At the moment of writing, my own house is in the process of being re-insulated with hemp and linen; all the walls are bare and some part of the roof. But soon my walls will be filled with the grasses that grow in the fields nearby to keep the wind out of the house. The only two rooms that are not torn apart now are the kitchen and the living room with the fireplace. Heat is something important and raises so many environmental questions. 

Sometimes I see music like this: something that can heat your heart and gather together. Very ancestral powers of togetherness. 

There was a huge storm last weekend here in the coastal region where I live and many roofs, electric power poles and trees were destroyed. It made me think about architecture. 

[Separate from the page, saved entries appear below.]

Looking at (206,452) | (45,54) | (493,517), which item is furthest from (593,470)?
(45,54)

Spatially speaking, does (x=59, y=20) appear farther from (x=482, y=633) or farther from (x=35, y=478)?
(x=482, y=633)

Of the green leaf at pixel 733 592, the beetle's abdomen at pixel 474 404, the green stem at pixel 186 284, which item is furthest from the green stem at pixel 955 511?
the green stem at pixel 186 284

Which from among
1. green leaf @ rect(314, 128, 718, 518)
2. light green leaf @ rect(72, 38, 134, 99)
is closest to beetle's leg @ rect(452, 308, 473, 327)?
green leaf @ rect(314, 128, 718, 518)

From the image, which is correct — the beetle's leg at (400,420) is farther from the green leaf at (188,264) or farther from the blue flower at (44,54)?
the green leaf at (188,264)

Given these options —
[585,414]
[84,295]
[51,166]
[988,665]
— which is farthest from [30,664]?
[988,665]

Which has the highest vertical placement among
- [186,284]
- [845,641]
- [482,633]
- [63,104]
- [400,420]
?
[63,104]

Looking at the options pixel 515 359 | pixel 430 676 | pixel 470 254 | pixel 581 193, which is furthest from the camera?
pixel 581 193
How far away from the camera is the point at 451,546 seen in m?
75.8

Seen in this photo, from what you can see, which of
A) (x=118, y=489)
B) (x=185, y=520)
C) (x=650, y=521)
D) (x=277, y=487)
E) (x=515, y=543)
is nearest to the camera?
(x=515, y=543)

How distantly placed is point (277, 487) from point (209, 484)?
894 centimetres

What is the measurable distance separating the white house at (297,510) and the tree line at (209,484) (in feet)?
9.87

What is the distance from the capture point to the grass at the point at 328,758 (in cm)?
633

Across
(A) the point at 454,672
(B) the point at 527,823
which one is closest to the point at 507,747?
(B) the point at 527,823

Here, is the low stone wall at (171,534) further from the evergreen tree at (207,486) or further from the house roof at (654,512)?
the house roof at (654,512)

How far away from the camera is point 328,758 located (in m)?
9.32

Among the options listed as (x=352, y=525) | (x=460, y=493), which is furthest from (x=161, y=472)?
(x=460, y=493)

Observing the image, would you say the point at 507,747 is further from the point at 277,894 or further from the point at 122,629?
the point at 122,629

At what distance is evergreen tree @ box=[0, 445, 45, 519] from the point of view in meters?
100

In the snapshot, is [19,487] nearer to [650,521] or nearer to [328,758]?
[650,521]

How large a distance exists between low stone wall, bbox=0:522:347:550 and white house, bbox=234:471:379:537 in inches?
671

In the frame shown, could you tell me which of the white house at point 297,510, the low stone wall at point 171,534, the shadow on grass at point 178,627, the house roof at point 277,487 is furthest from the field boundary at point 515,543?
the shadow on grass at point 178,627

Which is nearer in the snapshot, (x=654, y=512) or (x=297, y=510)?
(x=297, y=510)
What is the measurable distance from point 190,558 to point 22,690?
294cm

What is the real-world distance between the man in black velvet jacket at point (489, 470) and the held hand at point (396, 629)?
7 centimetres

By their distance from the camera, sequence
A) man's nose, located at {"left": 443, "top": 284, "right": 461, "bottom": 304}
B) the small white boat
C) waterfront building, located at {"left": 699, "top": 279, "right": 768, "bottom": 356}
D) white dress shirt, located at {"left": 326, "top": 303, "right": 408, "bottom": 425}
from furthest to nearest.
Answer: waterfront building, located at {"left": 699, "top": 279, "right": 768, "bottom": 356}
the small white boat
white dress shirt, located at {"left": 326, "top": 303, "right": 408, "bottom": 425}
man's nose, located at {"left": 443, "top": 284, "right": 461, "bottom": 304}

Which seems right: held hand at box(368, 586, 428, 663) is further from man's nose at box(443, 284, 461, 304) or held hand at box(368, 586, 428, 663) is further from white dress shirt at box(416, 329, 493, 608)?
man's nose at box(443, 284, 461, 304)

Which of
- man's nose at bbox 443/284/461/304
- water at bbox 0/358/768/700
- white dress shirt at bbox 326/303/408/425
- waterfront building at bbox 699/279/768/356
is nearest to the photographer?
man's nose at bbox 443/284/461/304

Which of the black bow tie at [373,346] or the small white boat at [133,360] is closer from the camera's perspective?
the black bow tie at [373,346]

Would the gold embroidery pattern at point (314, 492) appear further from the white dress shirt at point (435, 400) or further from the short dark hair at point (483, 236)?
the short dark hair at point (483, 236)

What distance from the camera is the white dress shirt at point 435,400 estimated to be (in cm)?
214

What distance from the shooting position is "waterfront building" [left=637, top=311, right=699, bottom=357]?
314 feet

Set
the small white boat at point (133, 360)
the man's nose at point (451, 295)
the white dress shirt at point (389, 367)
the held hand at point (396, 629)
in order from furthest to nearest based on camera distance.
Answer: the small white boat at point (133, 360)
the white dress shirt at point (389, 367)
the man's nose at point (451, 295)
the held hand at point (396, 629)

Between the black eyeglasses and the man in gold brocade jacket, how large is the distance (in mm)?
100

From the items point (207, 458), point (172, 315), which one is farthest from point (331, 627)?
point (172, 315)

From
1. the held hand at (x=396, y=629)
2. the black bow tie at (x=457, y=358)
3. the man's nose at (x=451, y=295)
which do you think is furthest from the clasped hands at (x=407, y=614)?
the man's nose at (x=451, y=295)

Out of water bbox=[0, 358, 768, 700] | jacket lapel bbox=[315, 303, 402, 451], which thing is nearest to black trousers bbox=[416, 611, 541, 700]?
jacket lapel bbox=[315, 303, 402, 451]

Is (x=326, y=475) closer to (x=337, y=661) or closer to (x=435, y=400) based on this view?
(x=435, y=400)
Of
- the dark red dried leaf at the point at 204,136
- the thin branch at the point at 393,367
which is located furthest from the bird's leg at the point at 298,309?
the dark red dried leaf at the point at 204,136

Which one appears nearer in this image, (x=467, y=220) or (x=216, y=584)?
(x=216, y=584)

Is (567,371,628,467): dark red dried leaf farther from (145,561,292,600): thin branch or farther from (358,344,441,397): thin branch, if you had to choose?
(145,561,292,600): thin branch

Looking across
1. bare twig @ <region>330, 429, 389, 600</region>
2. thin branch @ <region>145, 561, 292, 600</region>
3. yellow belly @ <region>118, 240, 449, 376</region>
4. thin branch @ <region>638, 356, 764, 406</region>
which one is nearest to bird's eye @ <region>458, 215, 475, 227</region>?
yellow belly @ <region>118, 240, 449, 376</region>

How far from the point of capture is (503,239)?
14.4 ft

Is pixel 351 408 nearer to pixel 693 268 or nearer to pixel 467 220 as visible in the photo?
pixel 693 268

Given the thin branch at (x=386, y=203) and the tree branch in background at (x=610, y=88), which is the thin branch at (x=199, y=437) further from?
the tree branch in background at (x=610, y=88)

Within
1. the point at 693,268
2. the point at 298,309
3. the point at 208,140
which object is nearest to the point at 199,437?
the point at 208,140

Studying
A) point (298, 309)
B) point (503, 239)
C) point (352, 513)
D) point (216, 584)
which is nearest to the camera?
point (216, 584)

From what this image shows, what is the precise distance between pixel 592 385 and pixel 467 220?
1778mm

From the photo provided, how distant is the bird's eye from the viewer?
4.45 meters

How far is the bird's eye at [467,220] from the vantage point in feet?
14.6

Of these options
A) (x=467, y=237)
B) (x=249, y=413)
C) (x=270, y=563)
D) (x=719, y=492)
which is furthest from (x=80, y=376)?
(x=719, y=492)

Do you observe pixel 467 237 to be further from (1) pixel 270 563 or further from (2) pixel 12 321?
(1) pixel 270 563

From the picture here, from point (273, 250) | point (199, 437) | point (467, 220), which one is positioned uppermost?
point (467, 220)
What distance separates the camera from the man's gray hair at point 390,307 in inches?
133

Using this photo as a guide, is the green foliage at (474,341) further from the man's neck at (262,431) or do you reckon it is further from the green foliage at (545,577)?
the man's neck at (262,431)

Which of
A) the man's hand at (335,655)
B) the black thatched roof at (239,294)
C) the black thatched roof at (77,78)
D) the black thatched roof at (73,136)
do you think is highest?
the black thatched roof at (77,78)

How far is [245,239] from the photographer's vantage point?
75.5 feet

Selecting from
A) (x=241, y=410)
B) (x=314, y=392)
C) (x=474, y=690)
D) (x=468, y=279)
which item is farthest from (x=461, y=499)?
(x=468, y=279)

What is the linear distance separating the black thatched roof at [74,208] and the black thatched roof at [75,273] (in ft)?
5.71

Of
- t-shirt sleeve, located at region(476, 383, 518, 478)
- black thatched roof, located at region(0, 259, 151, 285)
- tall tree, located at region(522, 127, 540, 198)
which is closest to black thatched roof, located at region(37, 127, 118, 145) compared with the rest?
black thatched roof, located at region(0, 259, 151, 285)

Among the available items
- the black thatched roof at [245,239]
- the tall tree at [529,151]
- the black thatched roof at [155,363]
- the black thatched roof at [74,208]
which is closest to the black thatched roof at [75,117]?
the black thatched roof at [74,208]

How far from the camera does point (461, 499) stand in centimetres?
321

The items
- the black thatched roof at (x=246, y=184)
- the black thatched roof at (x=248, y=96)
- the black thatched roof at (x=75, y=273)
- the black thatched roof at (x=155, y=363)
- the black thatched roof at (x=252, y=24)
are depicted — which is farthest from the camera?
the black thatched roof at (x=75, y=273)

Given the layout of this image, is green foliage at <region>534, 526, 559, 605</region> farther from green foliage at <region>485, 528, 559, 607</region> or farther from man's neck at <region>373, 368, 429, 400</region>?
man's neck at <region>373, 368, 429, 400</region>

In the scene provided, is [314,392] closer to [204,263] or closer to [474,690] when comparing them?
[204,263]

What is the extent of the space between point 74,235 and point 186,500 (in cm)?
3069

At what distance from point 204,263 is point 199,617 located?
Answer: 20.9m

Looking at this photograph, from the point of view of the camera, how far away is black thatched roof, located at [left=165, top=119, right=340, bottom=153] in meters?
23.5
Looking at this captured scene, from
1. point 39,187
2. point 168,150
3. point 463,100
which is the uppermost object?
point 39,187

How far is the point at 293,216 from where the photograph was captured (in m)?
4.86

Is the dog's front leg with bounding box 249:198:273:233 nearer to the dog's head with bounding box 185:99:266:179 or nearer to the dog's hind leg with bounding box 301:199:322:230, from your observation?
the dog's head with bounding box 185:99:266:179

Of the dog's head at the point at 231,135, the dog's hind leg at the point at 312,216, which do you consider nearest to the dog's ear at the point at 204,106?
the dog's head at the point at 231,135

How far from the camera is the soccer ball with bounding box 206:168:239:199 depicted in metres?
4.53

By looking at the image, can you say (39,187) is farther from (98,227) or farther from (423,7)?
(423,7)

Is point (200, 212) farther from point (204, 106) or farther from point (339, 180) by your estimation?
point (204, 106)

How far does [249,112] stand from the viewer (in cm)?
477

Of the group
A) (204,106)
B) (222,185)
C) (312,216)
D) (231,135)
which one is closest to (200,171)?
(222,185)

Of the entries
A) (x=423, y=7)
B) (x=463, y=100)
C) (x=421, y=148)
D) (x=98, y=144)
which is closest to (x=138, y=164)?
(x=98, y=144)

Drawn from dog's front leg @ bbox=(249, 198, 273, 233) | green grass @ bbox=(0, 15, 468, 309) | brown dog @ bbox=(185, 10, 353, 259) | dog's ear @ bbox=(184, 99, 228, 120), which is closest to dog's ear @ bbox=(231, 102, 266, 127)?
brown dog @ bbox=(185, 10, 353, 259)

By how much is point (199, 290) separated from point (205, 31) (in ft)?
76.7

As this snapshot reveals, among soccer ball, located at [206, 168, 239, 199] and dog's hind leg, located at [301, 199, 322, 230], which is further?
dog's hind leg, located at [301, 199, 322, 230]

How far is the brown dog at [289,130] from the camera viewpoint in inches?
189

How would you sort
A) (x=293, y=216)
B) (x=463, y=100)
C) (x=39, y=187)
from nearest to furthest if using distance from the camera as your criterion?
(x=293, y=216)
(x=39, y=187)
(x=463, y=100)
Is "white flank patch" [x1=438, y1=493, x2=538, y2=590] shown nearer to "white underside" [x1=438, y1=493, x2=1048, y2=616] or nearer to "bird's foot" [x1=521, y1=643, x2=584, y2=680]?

I think we will keep building and re-building until the next time. Nothing is permanent, but it’s interesting to wonder what enables you to stand, whether it’s your bones, the structure of your walls, the river you follow, the wind, a hand…

There is an embedded dichotomy between the inside x outside in your work. Can you elaborate on how it relates to sound?

Well, sound travels. From outside through your ear and skin to the inside of your body and mind. And then it goes back again. To find ideas and inspiration I need to go out, walk, listen, be in motion. And then I go back and write, draw, record; it is a state of flux, a bit like the tides. I think we are constantly in between these two states. Somehow music passes through you, but then it also leaves you, it is a moving energy!

You mentioned in an interview that you were drawn into music by experimental poetry. Spoken word and voice remain important in your oeuvre. Can you talk about the importance of the voice and poetry in your work?

I love reading, but also listening to people’s voices.

Poetry is a way for me to acknowledge that the world can’t be totally understood, that the world is multiple, that you have to rethink the meanings of things all the time, that words don’t have the same meaning depending on many things, so much depends on context. You have to read and question yourself, and read again. And question yourself again. 

I love this in poetry. That  it can take several times to get it. It’s a long term relationship with words.

What I find dazzling about poetry is that most of the time it’s the opposite of a statement, it’s a perpetual question. I feel full of questions!

Your latest release is inspired by the artist Georgia O’ Keeffe. What importance has art, literature and culture and its history and development in general have for you and your work?

I am always wondering how people live. What it is to have a life’s work. Whether it’s an artist, a scientist, a cook, a gardener; How, during a whole life, people bear their work. How it affects their way of living. How it can become a whole ethic, or not. That’s what interests me the most, I think.

Interestingly, the impact the work of others has on you is not literal – rather, you mention a certain “deviation”, a certain creative dérive from the original, let’s say. 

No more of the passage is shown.